Your output should be the lines below from the one holding "Superpiechur Świętokrzyski 2014" through the one holding "Charleston, SC 29414", transcribed exactly, with no pictures.

---------- Information supplied ----------

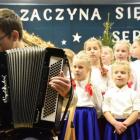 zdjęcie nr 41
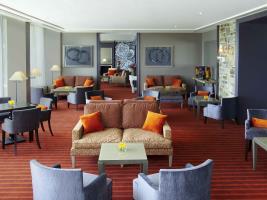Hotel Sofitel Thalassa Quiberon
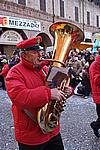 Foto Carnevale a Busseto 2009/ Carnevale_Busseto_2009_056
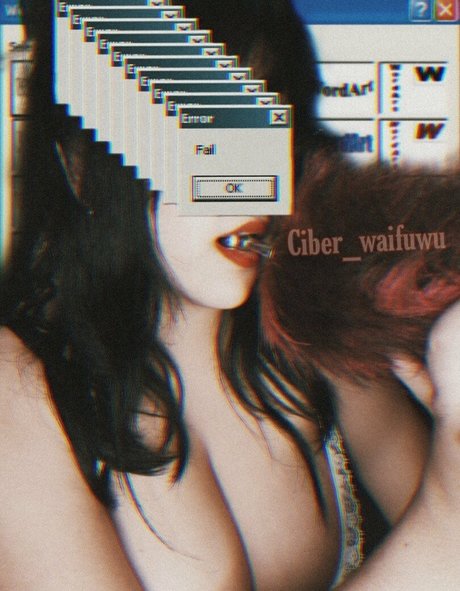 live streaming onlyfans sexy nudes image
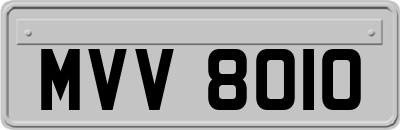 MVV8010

----------
---------- Information supplied ----------

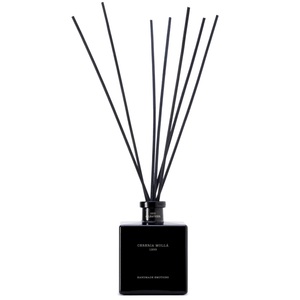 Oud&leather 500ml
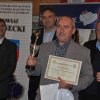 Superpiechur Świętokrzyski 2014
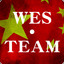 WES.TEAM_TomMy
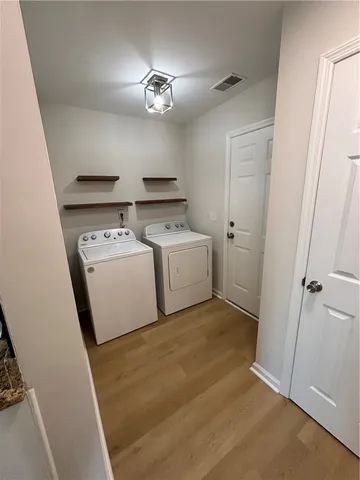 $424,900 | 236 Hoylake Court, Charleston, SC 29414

----------

> Exercise result
 Superpiechur Świętokrzyski 2014
 WES.TEAM_TomMy
 $424,900 | 236 Hoylake Court, Charleston, SC 29414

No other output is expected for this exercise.